PROBLEM DETAILS – In the data that follows, find the line with "Mở Visual Basic Editor theo 1 trong 2 cách"; transcribe it, every later line up to the one with "DVD Recorder DVR-433H impecável!!!", and that line as well, exactly and with no others.

(Short web captions)
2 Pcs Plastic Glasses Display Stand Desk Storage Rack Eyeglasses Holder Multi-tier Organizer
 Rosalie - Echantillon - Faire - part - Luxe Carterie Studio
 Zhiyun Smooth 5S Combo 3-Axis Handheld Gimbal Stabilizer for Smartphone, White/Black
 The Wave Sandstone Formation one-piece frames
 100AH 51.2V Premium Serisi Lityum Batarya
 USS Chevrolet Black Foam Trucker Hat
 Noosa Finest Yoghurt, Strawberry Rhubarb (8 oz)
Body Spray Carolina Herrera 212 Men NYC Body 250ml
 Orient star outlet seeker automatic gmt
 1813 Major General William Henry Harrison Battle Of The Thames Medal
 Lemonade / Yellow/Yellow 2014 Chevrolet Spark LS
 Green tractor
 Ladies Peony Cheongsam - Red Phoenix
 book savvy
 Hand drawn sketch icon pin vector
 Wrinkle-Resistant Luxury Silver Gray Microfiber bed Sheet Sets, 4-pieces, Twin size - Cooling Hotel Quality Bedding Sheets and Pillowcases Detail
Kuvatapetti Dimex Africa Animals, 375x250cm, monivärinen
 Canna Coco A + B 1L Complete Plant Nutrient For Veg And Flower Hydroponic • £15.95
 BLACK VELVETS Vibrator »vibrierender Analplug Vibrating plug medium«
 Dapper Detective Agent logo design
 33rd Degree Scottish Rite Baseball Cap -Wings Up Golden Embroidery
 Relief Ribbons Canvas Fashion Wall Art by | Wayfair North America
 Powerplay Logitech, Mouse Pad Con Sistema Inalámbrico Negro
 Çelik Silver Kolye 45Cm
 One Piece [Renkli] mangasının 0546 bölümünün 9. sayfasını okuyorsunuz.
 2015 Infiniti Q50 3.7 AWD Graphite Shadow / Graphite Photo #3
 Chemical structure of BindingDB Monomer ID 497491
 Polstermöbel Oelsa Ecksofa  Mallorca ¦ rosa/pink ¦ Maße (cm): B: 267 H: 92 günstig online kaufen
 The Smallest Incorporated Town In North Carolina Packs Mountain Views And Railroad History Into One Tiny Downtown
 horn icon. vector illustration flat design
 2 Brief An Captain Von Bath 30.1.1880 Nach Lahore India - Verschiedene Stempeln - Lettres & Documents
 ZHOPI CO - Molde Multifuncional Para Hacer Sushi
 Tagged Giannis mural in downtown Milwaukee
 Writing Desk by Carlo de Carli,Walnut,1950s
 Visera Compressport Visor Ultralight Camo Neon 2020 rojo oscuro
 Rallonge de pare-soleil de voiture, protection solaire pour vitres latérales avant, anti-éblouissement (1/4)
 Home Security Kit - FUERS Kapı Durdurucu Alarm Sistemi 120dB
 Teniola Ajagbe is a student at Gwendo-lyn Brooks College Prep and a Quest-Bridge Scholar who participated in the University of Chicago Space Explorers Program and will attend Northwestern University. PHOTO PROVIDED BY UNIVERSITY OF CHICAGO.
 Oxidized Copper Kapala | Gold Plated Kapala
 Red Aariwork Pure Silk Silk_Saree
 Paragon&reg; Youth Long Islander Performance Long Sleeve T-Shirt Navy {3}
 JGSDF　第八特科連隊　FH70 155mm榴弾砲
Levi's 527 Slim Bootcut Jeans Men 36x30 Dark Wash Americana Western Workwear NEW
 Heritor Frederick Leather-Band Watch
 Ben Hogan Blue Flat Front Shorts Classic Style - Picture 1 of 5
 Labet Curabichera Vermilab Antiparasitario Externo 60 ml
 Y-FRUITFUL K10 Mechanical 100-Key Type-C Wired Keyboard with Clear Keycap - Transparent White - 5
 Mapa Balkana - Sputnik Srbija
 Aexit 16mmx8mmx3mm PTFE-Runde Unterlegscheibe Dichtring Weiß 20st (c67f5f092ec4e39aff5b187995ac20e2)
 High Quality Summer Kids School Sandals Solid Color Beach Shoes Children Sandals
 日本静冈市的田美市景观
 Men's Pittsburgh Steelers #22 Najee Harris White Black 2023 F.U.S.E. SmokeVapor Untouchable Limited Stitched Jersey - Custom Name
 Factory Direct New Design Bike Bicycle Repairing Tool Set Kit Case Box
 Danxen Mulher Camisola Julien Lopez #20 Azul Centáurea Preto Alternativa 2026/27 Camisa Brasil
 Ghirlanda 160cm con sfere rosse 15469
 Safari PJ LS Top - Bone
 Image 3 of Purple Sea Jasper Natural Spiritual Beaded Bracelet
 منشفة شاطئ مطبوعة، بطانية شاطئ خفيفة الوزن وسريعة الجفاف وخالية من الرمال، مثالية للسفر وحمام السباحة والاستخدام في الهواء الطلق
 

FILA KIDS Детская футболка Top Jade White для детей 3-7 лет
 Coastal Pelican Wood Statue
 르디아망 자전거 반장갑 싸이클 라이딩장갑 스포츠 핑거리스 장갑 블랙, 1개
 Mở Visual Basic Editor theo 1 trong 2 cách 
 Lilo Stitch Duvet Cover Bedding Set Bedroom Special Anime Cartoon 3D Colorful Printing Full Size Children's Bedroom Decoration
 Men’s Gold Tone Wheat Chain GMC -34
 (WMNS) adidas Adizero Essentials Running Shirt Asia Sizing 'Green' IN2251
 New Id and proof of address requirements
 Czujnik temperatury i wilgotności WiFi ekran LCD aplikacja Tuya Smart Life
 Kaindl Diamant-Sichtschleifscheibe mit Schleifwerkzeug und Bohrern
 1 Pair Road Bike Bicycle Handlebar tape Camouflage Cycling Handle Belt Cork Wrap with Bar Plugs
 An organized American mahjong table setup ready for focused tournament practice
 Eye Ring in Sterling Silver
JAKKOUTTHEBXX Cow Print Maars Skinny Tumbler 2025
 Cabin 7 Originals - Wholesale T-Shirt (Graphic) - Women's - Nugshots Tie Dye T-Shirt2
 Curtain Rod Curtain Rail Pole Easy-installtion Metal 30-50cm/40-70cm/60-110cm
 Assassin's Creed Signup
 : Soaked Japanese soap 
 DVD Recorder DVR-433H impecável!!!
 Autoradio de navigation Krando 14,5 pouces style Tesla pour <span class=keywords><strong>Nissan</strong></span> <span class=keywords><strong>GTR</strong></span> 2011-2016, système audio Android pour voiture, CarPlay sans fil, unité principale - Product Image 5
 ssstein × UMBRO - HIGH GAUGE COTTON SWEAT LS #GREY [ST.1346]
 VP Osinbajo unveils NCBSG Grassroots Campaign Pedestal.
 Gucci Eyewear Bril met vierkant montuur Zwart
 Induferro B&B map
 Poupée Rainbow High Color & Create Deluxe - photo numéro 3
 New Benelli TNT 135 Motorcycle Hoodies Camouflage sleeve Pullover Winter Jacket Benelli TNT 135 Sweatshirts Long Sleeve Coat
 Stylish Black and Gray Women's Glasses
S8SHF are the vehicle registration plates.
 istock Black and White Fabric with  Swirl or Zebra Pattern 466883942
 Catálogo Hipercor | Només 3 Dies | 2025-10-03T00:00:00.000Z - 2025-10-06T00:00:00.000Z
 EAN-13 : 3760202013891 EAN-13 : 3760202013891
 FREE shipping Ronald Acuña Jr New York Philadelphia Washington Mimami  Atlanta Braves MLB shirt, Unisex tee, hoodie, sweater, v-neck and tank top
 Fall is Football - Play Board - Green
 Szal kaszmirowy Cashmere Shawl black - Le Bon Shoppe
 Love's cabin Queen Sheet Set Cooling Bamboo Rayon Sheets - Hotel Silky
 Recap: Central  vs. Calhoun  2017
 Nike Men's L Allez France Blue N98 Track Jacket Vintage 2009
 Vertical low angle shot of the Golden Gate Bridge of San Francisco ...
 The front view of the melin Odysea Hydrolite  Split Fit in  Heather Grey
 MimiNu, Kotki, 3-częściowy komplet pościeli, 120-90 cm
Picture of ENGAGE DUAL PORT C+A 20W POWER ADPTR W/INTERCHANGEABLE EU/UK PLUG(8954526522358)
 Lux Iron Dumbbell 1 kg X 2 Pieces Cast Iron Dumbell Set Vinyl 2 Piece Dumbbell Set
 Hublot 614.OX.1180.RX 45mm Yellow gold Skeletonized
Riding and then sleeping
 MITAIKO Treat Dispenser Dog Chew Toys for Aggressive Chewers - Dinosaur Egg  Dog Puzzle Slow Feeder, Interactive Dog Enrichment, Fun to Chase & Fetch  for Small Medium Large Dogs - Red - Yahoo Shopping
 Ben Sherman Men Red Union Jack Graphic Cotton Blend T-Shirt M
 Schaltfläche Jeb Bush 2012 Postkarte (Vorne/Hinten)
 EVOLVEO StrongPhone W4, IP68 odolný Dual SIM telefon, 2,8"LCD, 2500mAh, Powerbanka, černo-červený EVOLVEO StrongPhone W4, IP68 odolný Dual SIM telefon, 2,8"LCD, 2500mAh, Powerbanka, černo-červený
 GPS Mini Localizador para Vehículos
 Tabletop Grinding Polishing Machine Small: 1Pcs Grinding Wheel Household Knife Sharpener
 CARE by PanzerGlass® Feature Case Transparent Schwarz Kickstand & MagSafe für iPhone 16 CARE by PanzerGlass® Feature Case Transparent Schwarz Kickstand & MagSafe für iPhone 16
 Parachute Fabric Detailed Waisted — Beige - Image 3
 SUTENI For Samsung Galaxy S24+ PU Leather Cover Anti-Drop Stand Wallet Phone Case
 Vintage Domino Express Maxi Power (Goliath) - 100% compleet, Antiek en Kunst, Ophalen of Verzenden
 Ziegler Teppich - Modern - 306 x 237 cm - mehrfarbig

SOLVED PROBLEM –
 Mở Visual Basic Editor theo 1 trong 2 cách 
 Lilo Stitch Duvet Cover Bedding Set Bedroom Special Anime Cartoon 3D Colorful Printing Full Size Children's Bedroom Decoration
 Men’s Gold Tone Wheat Chain GMC -34
 (WMNS) adidas Adizero Essentials Running Shirt Asia Sizing 'Green' IN2251
 New Id and proof of address requirements
 Czujnik temperatury i wilgotności WiFi ekran LCD aplikacja Tuya Smart Life
 Kaindl Diamant-Sichtschleifscheibe mit Schleifwerkzeug und Bohrern
 1 Pair Road Bike Bicycle Handlebar tape Camouflage Cycling Handle Belt Cork Wrap with Bar Plugs
 An organized American mahjong table setup ready for focused tournament practice
 Eye Ring in Sterling Silver
JAKKOUTTHEBXX Cow Print Maars Skinny Tumbler 2025
 Cabin 7 Originals - Wholesale T-Shirt (Graphic) - Women's - Nugshots Tie Dye T-Shirt2
 Curtain Rod Curtain Rail Pole Easy-installtion Metal 30-50cm/40-70cm/60-110cm
 Assassin's Creed Signup
 : Soaked Japanese soap 
 DVD Recorder DVR-433H impecável!!!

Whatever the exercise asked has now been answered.